Advanced-OpenGL/Stencil-testing

Once the fragment shader has processed the fragment a so called stencil test is executed that, just like the depth test, has the option to discard fragments. After that the remaining fragments are passed to the depth test where OpenGL could possibly discard even more fragments. The stencil test is based on the content of yet another buffer called the stencil buffer that we're allowed to update during rendering to achieve interesting effects.

A stencil buffer (usually) contains 8 bits per stencil value that amounts to a total of 256 different stencil values per pixel. We can set these stencil values to values of our liking and we can discard or keep fragments whenever a particular fragment has a certain stencil value.

Each windowing library needs to set up a stencil buffer for you. GLFW does this automatically so we don't have to tell GLFW to create one, but other windowing libraries may not create a stencil buffer by default so be sure to check your library's documentation.

A simple example of a stencil buffer is shown below (pixels not-to-scale):

The stencil buffer is first cleared with zeros and then an open rectangle of 1s is stored in the stencil buffer. The fragments of the scene are then only rendered (the others are discarded) wherever the stencil value of that fragment contains a 1.

Stencil buffer operations allow us to set the stencil buffer at specific values wherever we're rendering fragments. By changing the content of the stencil buffer while we're rendering, we're writing to the stencil buffer. In the same (or following) frame(s) we can read these values to discard or pass certain fragments. When using stencil buffers you can get as crazy as you like, but the general outline is usually as follows:

• Enable writing to the stencil buffer.
• Render objects, updating the content of the stencil buffer.
• Disable writing to the stencil buffer.
• Render (other) objects, this time discarding certain fragments based on the content of the stencil buffer.

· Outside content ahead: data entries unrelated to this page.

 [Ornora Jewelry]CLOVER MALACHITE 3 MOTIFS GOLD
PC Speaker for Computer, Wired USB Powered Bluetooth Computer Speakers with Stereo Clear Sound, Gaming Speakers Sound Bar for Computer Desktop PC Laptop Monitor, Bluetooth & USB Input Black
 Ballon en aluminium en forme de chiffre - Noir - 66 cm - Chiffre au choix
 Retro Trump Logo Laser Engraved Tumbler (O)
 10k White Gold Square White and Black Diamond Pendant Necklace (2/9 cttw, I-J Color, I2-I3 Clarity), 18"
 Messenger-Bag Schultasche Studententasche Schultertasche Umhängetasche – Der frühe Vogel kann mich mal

By using the stencil buffer we can thus discard certain fragments based on the fragments of other drawn objects in the scene.

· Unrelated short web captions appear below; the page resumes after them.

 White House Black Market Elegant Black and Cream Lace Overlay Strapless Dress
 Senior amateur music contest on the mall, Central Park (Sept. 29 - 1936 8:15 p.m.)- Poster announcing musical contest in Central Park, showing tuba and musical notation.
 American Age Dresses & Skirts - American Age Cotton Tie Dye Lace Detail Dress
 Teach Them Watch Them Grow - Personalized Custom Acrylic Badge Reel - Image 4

You can enable stencil testing by enabling GL_STENCIL_TEST. From that point on, all rendering calls will influence the stencil buffer in one way or another.

glEnable(GL_STENCIL_TEST);    

Note that you also need to clear the stencil buffer each iteration just like the color and depth buffer:

glClear(GL_COLOR_BUFFER_BIT | GL_DEPTH_BUFFER_BIT | GL_STENCIL_BUFFER_BIT); 

Also, just like the depth testing's glDepthMask function, there is an equivalent function for the stencil buffer. The function glStencilMask allows us to set a bitmask that is ANDed with the stencil value about to be written to the buffer. By default this is set to a bitmask of all 1s not affecting the output, but if we were to set this to 0x00 all the stencil values written to the buffer end up as 0s. This is equivalent to depth testing's glDepthMask(GL_FALSE):

glStencilMask(0xFF); // each bit is written to the stencil buffer as is
glStencilMask(0x00); // each bit ends up as 0 in the stencil buffer (disabling writes)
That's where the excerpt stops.